The party has been elected on a somewhat left-wing economic 2019 mandate, but saddled with a death-lock of pledges not to raise taxes nor borrow while also ensuring debt is flat or falling (See here). That pledge has been broken by both Johnson and Truss. And while the Red wall crumbled, it did so at the cost of the party itself. Truss, Sunak and Johnson have promised all MPs that the Tory party can be anything to anyone depending on their beliefs. Under Johnson, the king of cakism, this was successful due to his immense charisma and sheer courage to hold such contradictory positions. Under Truss (and probably Sunak too), this is impossible. They lack the ability, but also the bold vision to take the Tory party to the promised lands of One-nation intervention, while keeping the reins on spending and cutting taxes (or promising to). Two divergent, possibly uncontrollable, forces.
In government, a party must make tough choices and cohere around them. It seems the Tory party have had enough of such choices, and as a result, governing. The parliamentary party resembles more a think tank on Tufton Street or a Conservative University society rather than a governing party. If the fundamental division isn’t resolved under the new leader we could be witnessing the beginning of a split in the party that seems to have lost its purpose. The purpose of the Conservatives was to attain power, but the last six years, and churn of four Prime Ministers, has proven that power for power's sake has been quite unsatisfactory, especially for exhausted MPs. What are the real ends of this ancient party? Maybe, just maybe, a structural change is due.

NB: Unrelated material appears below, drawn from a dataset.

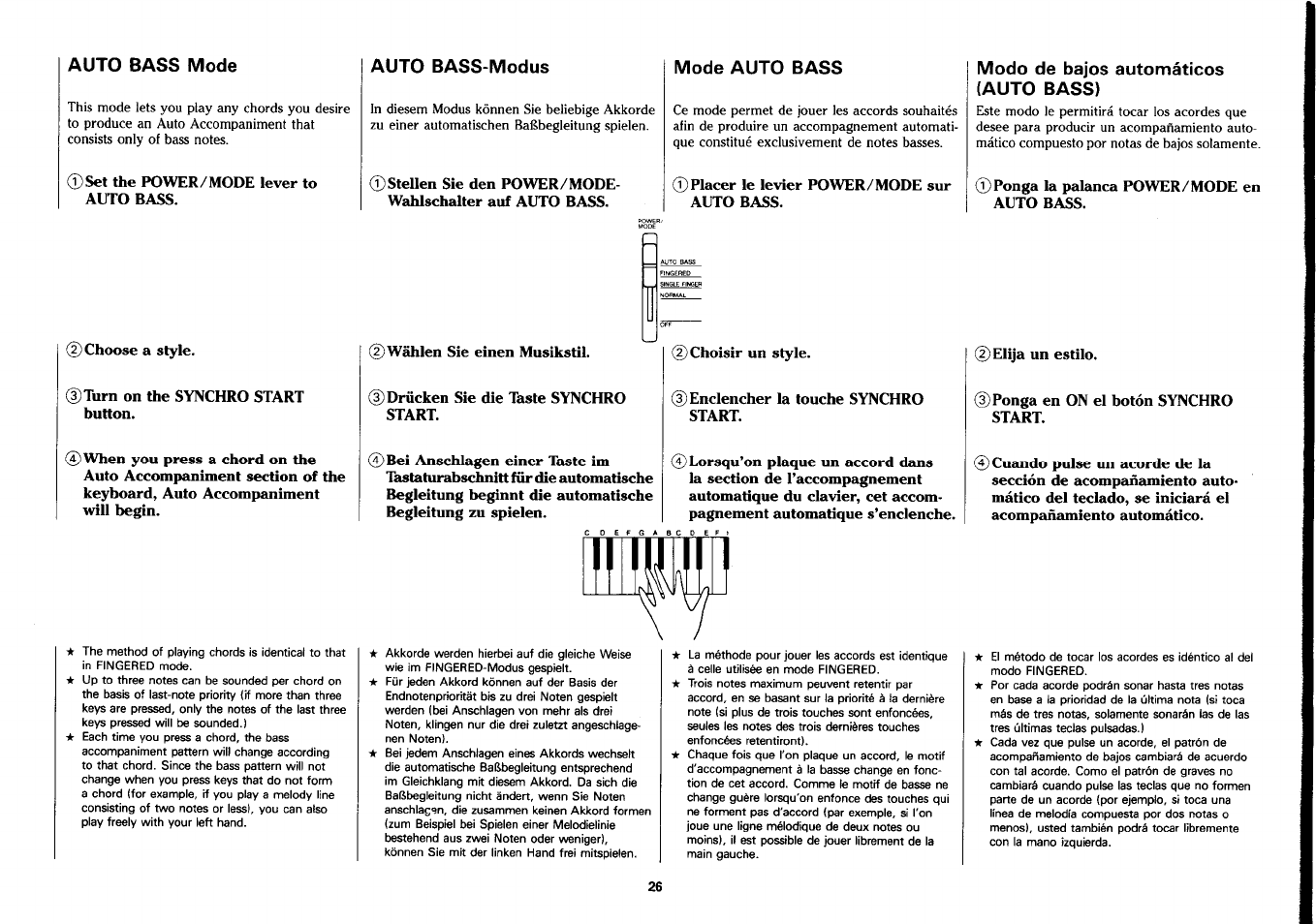 Modo de bajos automáticos (auto bass) | Yamaha PSS-280 User Manual | Page 28 / 40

Conclusion: Truss in History
Historically, Truss will be ranked as the (or one of the) worst Prime Minister(s) – even lower than the classic policy failure example of Anthony Eden and Suez in 1956. However, even Eden lasted for over a year. Theresa May is possibly a good comparison: a PM who fell because of their key policy failing. But, May didn’t inherit a 70-seat working majority, nor a party that had resolved Brexit. Even with May’s inherent weaknesses as leader, she was skilled enough to battle out three years (even after a dire election), while making some progress on the Brexit question. May’s real historical contribution, however, was her first cracks in the Red Wall (2017): edging the Tories closer to Johnsonian Conservatism with her ‘burning injustices’.

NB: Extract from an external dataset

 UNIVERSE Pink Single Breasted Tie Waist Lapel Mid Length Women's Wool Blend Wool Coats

Reaching back into the depths of history, Prime Minister Goderich (1827) is the most similar to Truss. Third on the list of shortest PMs, surviving just 144 days, Goderich was completely incapable of holding together the Whig and Tory coalition of his government, much like Liz Truss’s inability to hold the different wings of the Tory party together.
Scandal and coup were evidently not the causes of Truss’s demise. The responsibility is squarely with Truss and her policy failure. But this also extends to a failure to build a competent team, or forge a stable path for the government in a time of crisis and instability. Truss was a PM incapable of governing, instead she invested whatever intellectual ability she had in ambition and aesthetics. However, the extent of Truss’s failure will only become clear after the tenure of the next PM is up. The deeper question in the next chapter of UK politics is: have the Tory party really become structurally ungovernable? Or was this just a Truss-fuelled malaise?
For now, the human hand grenade has exploded. We have little idea of who will pick up the pieces.